After leaving KPIX, Sussman switched to conservative talk radio. From 2003 to 2010, Sussman hosted an evening talk show on KSFO before moving to the station's morning drive show, where he would host from 2010 to 2019. In addition, Sussman has written three books critical of the scientific consensus on climate change.

== Personal background ==
Sussman was born in 1956 in East Los Angeles, California. Raised in Golden, Colorado and Northbrook, Illinois, he graduated from Glenbrook High School in 1974. Sussman graduated from the University of Missouri in 1978 with a B.S. in radio, television, and film. Sussman grew up in a Jewish family and converted to Christianity while in college. He married Sue Rittenhouse in 1978. They have four children, three of whom were adopted. Quite active in his faith, Sussman is a popular Christian speaker and leads a weekly international Bible study privately attended by men from all over the world.

== Television career ==
Sussman began his television career in 1977 as an anchor for Columbia, Missouri television station KCBJ. In 1980, Sussman joined KOLO-TV of Reno, Nevada as a weather and feature reporter.
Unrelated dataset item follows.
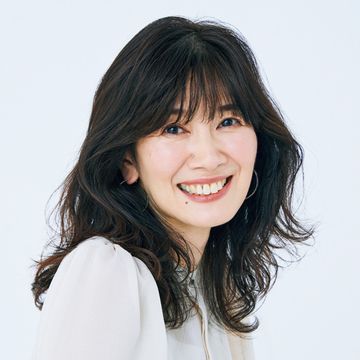 長めヘアは、パーマを部分的にかけてメリハリをつける【50代髪型・ヘアスタイル】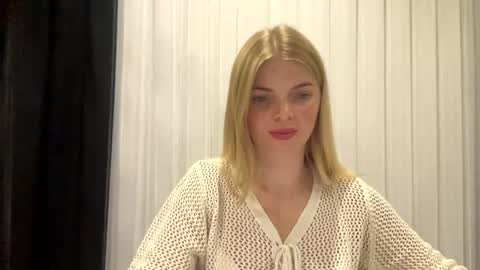 Mira online show from 09/24/25, 08:34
Sussman had an exclusive interview with the Reverend Billy Graham when Graham visited Reno for his 270th crusade in 1980. In 1983, Sussman became weather reporter with KNTV of San Jose, California. While working for KNTV, Sussman attended graduate meteorology courses at San Jose State University. Sussman was part of an evening newscast at KNTV that won a local Emmy Award for best newscast in 1985.

In 1987, Sussman moved to Pittsburgh to join KDKA-TV, then a Group W station, as a meteorologist. While at KDKA, Sussman volunteered at local schools to teach children meteorological concepts, on behalf of nonprofit organisation For Spacious Skies. Sussman also won the Radio-Television News Directors Association (RTNDA) award for best local weathercast in 1987.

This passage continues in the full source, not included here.